Web page caption snippets:
'''

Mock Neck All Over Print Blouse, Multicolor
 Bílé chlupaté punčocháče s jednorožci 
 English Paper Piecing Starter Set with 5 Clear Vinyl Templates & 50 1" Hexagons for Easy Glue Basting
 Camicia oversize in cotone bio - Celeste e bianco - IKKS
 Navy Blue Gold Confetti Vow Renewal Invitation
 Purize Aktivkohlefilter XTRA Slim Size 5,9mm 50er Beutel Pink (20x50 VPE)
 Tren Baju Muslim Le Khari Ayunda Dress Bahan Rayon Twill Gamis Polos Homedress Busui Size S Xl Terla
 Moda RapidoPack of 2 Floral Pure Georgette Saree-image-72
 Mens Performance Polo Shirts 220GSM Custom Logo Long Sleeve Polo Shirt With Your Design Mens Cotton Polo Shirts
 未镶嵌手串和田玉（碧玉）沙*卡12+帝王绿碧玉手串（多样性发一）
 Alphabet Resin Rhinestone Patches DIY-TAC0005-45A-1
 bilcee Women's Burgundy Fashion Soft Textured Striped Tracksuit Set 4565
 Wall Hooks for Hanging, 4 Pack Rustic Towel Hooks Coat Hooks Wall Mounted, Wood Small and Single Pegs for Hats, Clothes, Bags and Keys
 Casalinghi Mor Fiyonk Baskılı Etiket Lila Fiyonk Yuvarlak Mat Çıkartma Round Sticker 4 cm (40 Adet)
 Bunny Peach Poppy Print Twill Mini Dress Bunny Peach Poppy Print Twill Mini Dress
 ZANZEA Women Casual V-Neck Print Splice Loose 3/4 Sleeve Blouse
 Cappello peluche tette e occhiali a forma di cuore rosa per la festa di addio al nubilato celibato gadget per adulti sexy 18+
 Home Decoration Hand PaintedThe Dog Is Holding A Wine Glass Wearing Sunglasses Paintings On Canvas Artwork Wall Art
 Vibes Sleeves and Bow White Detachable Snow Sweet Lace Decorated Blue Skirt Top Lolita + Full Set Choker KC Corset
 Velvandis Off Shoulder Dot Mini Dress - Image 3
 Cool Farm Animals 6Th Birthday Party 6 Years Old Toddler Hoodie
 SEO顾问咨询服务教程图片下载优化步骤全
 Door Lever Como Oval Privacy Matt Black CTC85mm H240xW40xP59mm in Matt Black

'''

Retype the entries one by one, exactly.

Mock Neck All Over Print Blouse, Multicolor
 Bílé chlupaté punčocháče s jednorožci 
 English Paper Piecing Starter Set with 5 Clear Vinyl Templates & 50 1" Hexagons for Easy Glue Basting
 Camicia oversize in cotone bio - Celeste e bianco - IKKS
 Navy Blue Gold Confetti Vow Renewal Invitation
 Purize Aktivkohlefilter XTRA Slim Size 5,9mm 50er Beutel Pink (20x50 VPE)
 Tren Baju Muslim Le Khari Ayunda Dress Bahan Rayon Twill Gamis Polos Homedress Busui Size S Xl Terla
 Moda RapidoPack of 2 Floral Pure Georgette Saree-image-72
 Mens Performance Polo Shirts 220GSM Custom Logo Long Sleeve Polo Shirt With Your Design Mens Cotton Polo Shirts
 未镶嵌手串和田玉（碧玉）沙*卡12+帝王绿碧玉手串（多样性发一）
 Alphabet Resin Rhinestone Patches DIY-TAC0005-45A-1
 bilcee Women's Burgundy Fashion Soft Textured Striped Tracksuit Set 4565
 Wall Hooks for Hanging, 4 Pack Rustic Towel Hooks Coat Hooks Wall Mounted, Wood Small and Single Pegs for Hats, Clothes, Bags and Keys
 Casalinghi Mor Fiyonk Baskılı Etiket Lila Fiyonk Yuvarlak Mat Çıkartma Round Sticker 4 cm (40 Adet)
 Bunny Peach Poppy Print Twill Mini Dress Bunny Peach Poppy Print Twill Mini Dress
 ZANZEA Women Casual V-Neck Print Splice Loose 3/4 Sleeve Blouse
 Cappello peluche tette e occhiali a forma di cuore rosa per la festa di addio al nubilato celibato gadget per adulti sexy 18+
 Home Decoration Hand PaintedThe Dog Is Holding A Wine Glass Wearing Sunglasses Paintings On Canvas Artwork Wall Art
 Vibes Sleeves and Bow White Detachable Snow Sweet Lace Decorated Blue Skirt Top Lolita + Full Set Choker KC Corset
 Velvandis Off Shoulder Dot Mini Dress - Image 3
 Cool Farm Animals 6Th Birthday Party 6 Years Old Toddler Hoodie
 SEO顾问咨询服务教程图片下载优化步骤全
 Door Lever Como Oval Privacy Matt Black CTC85mm H240xW40xP59mm in Matt Black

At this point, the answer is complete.